トップ画像:photo by George Napolitano 2019年5月18日PWHFより
[週刊ファイト2月20日]期間 [ファイトクラブ]公開中
▼みぶ真也の昭和プロレス追憶☆哲学者獣人パンピロ・フィルポ
by みぶ真也
Crybaby Cannonパンピロ・フィルポ ジャイアント・へイスタックス ボブ・アームストロング Crazyルーク・グラハム
「一番好きなレスラーは誰ですか?」
と訊かれたらいつも、
「パンピロ・フィルポ!」
と即答して、意外な顔をされる。
ブルーザー・ブロディやランディ・サベージに大きな影響を与えたレスラーながら、フィルポは日本ではあまり評価されていない。ヒールとは言え、帝王アントニオ・ロッカに続くアルゼンチン出身レスラーとして、ヒスパニック・ファンの多い米国では人気があったはずだ。

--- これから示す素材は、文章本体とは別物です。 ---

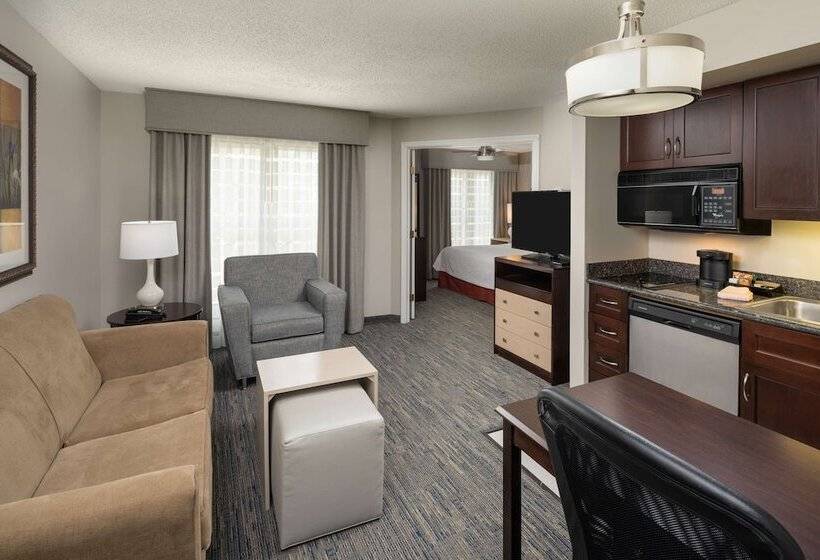 هتل Homewood Suites By Hilton Chicago  Schaumburg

ベビーフェイスもこなし、ジュニア・ヘビーからヘビー級に至るまでタイトル獲得歴も多数ある。洋の東西を問わず王座を得るためには、レスリングの実力だけでなく人気が必要なことは言うまでもない。野蛮な獣人タイプは米マットでは好まれるのだ。
初来日は1967年。日本のプロレス記者はフィルポの風貌を写真で見て、それ以前に来日して話題をさらった“グレート・アントニオの再来”的な売り方を考えていたらしい。
カナダの密林(!)からアルゼンチンの草原、出身地は違えど大自然の中で発見された原始の怪物というわけだ。
ところが、いざ実物を見てみると巨漢のアントニオに比べてはるかに体が小さく、他のレスラーと並ぶと見劣りする。さらに、数週間の来日期間で日本語日常会話をマスターするというインテリぶり。いずれにせよ、怪物とか原人のイメージにはほど遠い。
そこでフィルポのキャラクターは、野人は野人でも自らの知性と意思であえて自然児として生きる、言わば犬儒派の哲学者のイメージになったようだ。